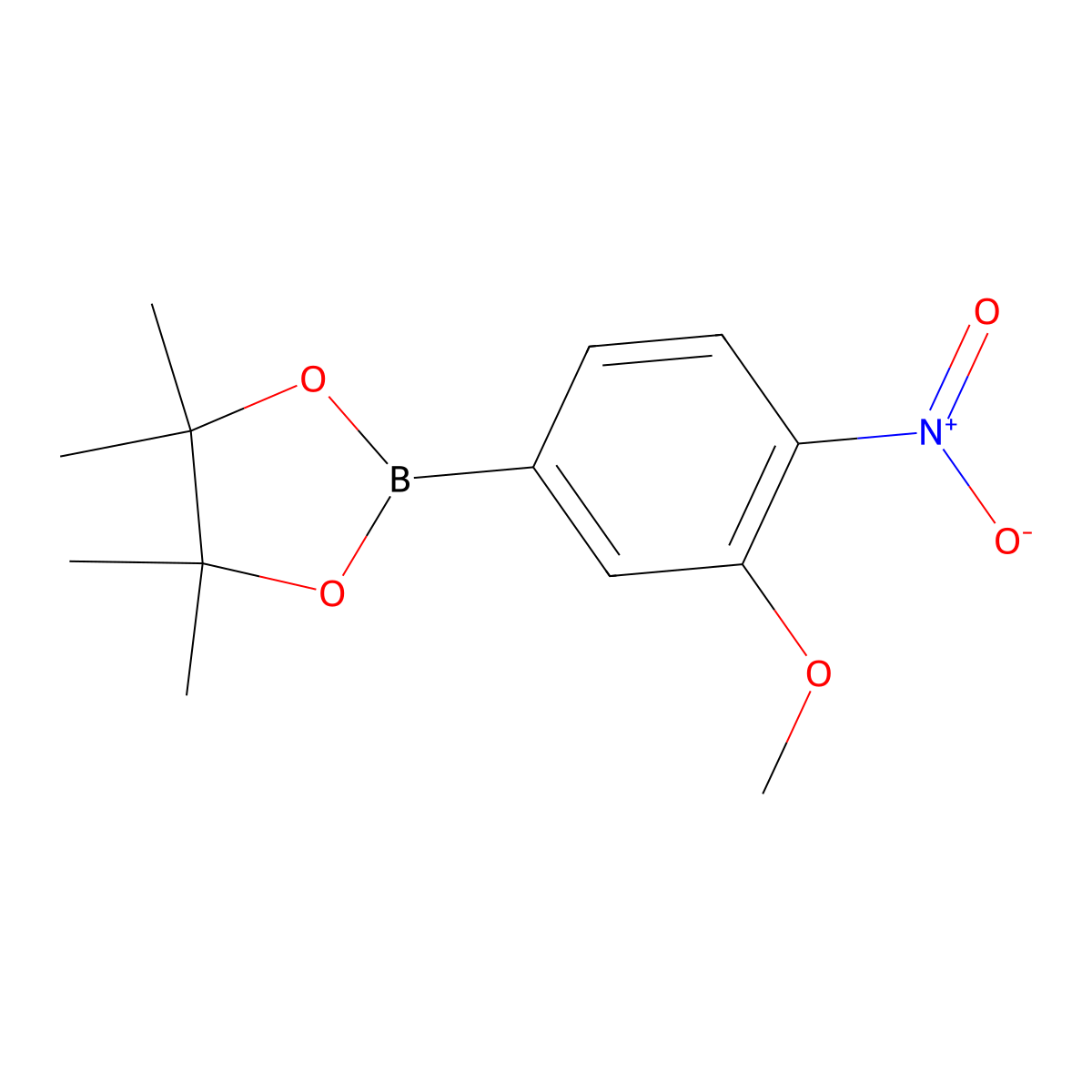 2-(3-Methoxy-4-nitrophenyl)-4,4,5,5-tetramethyl-1,3,2-dioxaborolane molecular structure, CAS 755026-96-1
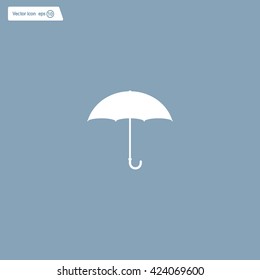 Umbrella icon, vector illustration. Flat design style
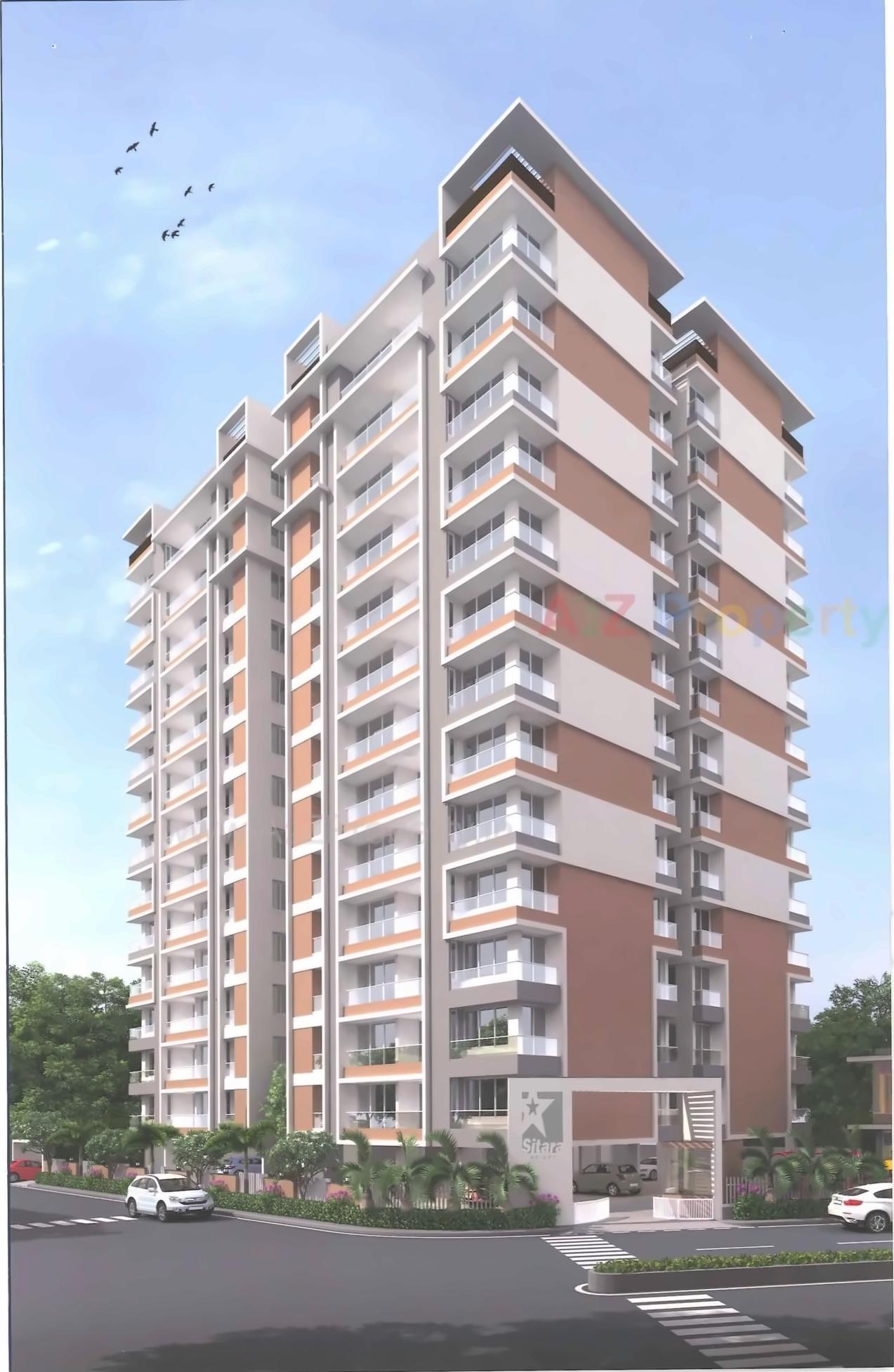 3D Elevation of real estate project Sitara Height located at Madhapar, Rajkot, Gujarat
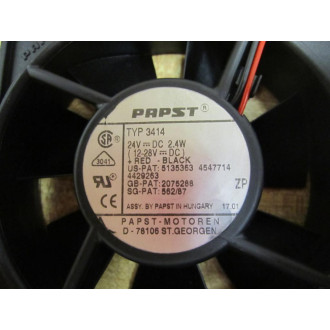 Papst 3414 Axial Fan TYP 3414 - Used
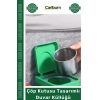 #OtoKüllük Balkon Teras Dekoratif Pratik Kapaklı Metal Hazneli Çöp Kutusu Tasarımlı Duvar Küllüğü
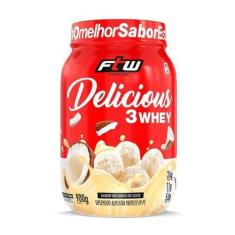 Imagem de Delicious 3Whey (900g) - Sabor: Beijinho de Coco - FTW Sports Nutritio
----------
**What needs to be done**
Output, exactly and only: the line containing "Umbrella icon, vector", the last line of the listing above, and every line in between. Leave the pictures out.

**Written solution**
 Umbrella icon, vector illustration. Flat design style
 3D Elevation of real estate project Sitara Height located at Madhapar, Rajkot, Gujarat
 Papst 3414 Axial Fan TYP 3414 - Used
 #OtoKüllük Balkon Teras Dekoratif Pratik Kapaklı Metal Hazneli Çöp Kutusu Tasarımlı Duvar Küllüğü
 Imagem de Delicious 3Whey (900g) - Sabor: Beijinho de Coco - FTW Sports Nutritio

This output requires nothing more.